From Ubuntu and Inkscape, to more specific tools related to Big Data and climate, at Predictia we rely on Open Source projects to our day to day. Why? There are several reasons:
- Having control over what the software does and how it executes it is key in our projects, that usually involve dealing with several TBs of climate data or vast and complex databases with health data.
- Relying on open source adds a layer of accountability and transparency towards our clients, that can then independently inspect the solution we developed.
- Most importantly, we are proud to be part of multiple communities around different open source projects. And just as we benefit from the work of the community, we also contribute to those projects, helping them expand little by little.
Today, we bring you three open source tools for climate data, and a couple of contributions we made to some of them.
A new functionality for a validation tool
Within a Copernicus project that has to deal with evaluation and quality control for the Climate Data Store, we were looking for tools that would enable for quality control of regional datasets. We came across ESMValTool, an Open Source tool to evaluate Earth system models in CMIP. It has a robust set of features that evaluate models against observations, against other models, or compare different versions of the same model.
In principle, it was a no-brainer. The tool fitted perfectly our needs for a robust way of evaluating climate datasets. However, there was a little drawback: ESMValTool wasn't able to process regional datasets. So, we opened a pull request and started working on some aspects:
- Boundary conditions: since the model is a regional one, it has to fit within the bigger picture of global models. Thus, before processing, these datasets need a little bit of adjustment, by taking into account the conditions at the borders of the region.
- Regridding: when dealing with datasets with different resolutions, and comparing models to datasets like ERA5, the data must be interpolated from one grid resolution to a different grid resolution.
For the moment we have tested it with CORDEX datasets, but in principle, adapting the code a little, any regional dataset could be evaluated using this new functionality!

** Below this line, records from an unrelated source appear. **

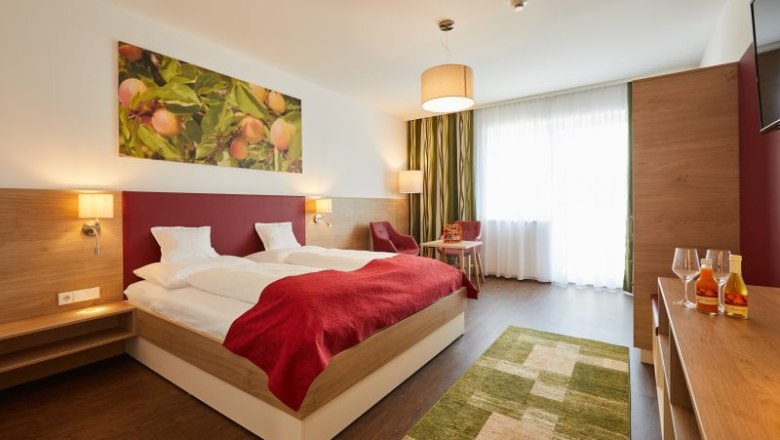 Room example at Weinhof Aufreiter, © Michael Schafranek Modern hotel room with double bed, red ceiling, wooden furniture and large window. A picture of fruit hangs on the wall.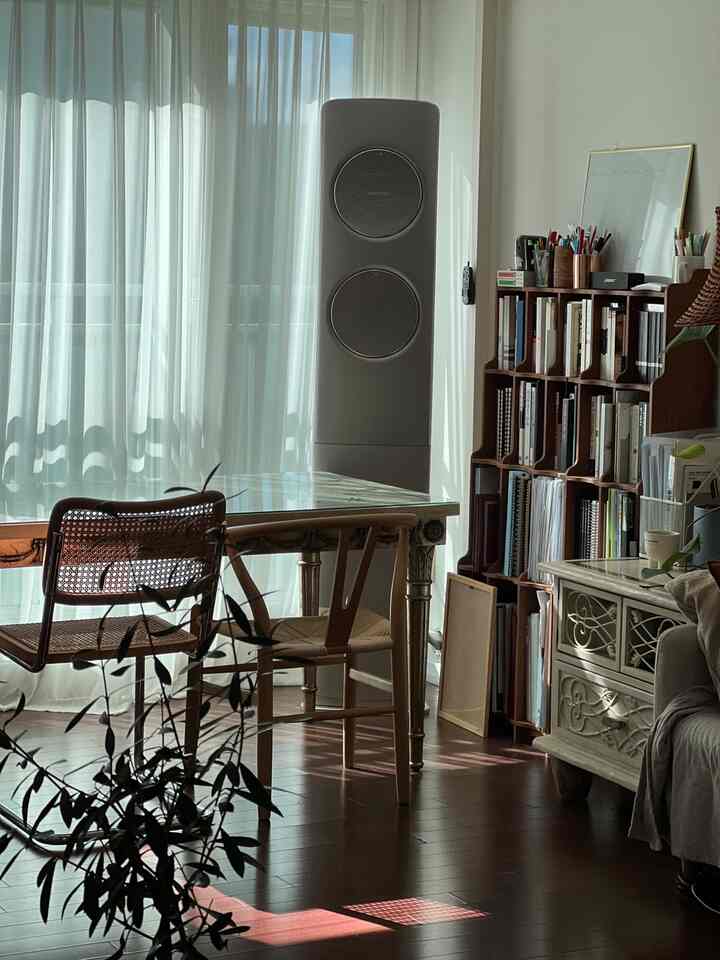 White and brown toned balcony-adjacent dining room featuring rattan chairs and a bookshelf in a natural, cozy home office space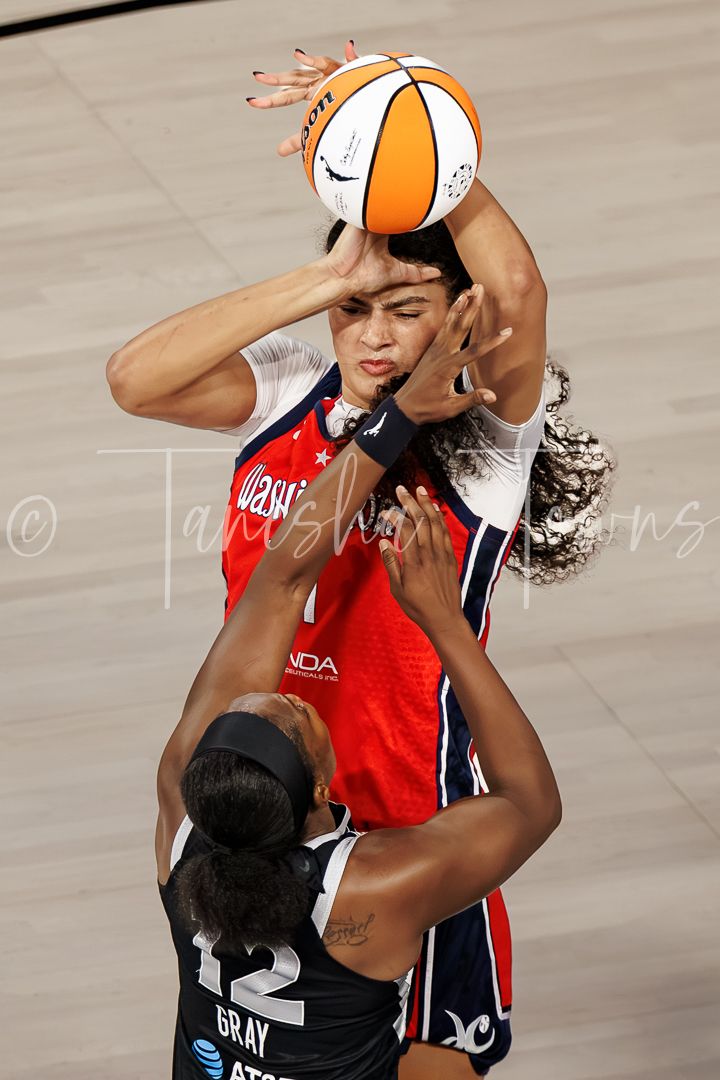 A Washington Mystics player shoots over Chelsea Gray #12 of the Las Vegas Aces in a WNBA game.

Debugging the intermediate steps
One of our projects plays around with the radar data provided by AEMET, the Spanish State Meteorological Agency, to offer a nowcasting service (stay tuned to our Twitter for updates on that!). But, in order to provide robust predictions, it is critical to have consistent datasets that have timely data, without gaps. Sadly, reality isn’t always that beautiful, and the radar stations sometimes fail to provide the data for a bunch of reasons: it could be that the connection failed and the measurements couldn’t be uploaded, the sensors malfunctioned, or the station was down for maintenance. Whatever the reason is, you end up managing a dataset that has some gaps (albeit not many) in it.
At that point is where we turn to pySTEPS: a modular, free and open-source python framework for short-term ensemble prediction systems. One of the modules enables us to fill in the gaps in our dataset, using an advection correction algorithm. However, when analysing the results in our particular case, something was out of order. So we talked with the developers, opened an issue, and it was quickly resolved.
Visualising climate data
Last but not least, we want to highlight a project that started back in 2009 and is still maintained and growing: ADAGUC. It is our go-to map server, to visualize data over the web, especially when we are dealing with climate data.
We have used this tool within several projects: the data viewer for the Spanish, the European project Primavera, with Madrid’s Metro… it enables us to visualise climate data ina comprehensible and attractive way that is useful for the users of our tools. And it has an amazing community of developers and users around it that have been maintaining and expandig the project for more than 10 years.